Here is an audio recording synchronized to slides of my talk a week and a half ago in Pittsburgh. I noticed some places where I said the wrong thing such as conflating neuron with synapse.  I also did not explain the learning part very well. I should point out that we are not applying a control to the network.  We train a set of weights so that given some initial condition, the neuron firing rates follow a specified target pattern. I also made a joke that implied that the Recursive Least Squares algorithm dates to 1972. That is not correct. It goes back much further back than that. I also take a pot shot at physicists. It was meant as a joke of course and describes many of my own papers.

Talk at SIAM Annual Meeting 2017

I gave an invited plenary talk at the 2017 Society of Applied and Industrial Mathematics Annual Meeting in Pittsburgh yesterday. My slides are here. I talked about some very new work on chaos and learning in spiking neural networks. My fellow Chris Kim and I were producing graphs up to a half hour before my talk! I’m quite excited about this work and I hope to get it published soon.
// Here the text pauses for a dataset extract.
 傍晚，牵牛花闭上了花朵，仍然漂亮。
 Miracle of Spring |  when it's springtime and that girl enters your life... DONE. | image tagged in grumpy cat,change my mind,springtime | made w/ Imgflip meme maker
During my talk, I made an offhand threat that my current Mac would be the last one I buy. I made the joke because it was the first time that I could not connect to a projector with my laptop since I started using Mac almost 20 years ago. I switched to Mac from Linux back then because it was a Unix environment where I didn’t need to be a systems administrator to print and project. However, Linux has made major headway in the past two decades while Mac is backsliding. So, I’m seriously thinking of following through. I’ve been slowly getting disenchanted with Apple products over the past three years but I am especially disappointed with my new MacBook Pro. I have the one with the silly touch screen bar. The first thing the peeves me is that the activate Siri key is right next to the delete key so I accidentally hit and then have to reject Siri every five minutes. What mostly ties me to Mac right now is the Keynote presentation software, which I like(d) because it is easy to embed formulas and PDF files into. It is much harder to do the same in PowerPoint and I haven’t found an open source version that is as easy to use. However, Keynote keeps hanging on my new machine. I also get this situation where my embedded equations will randomly disappear and then reappear. Luckily I did a quick run through just before my talk and noticed that the vanished equations reappeared and I could delete them. Thus, the Keynote appeal has definitely diminished. Now, if someone would like to start an open source Keynote project with me… Finally, the new Mac does not seem any faster than my old Mac (it still takes forever to boot up) and Bard Ermentrout told me that his dynamical systems software tool XPP runs five times slower. So, any suggestions for a new machine?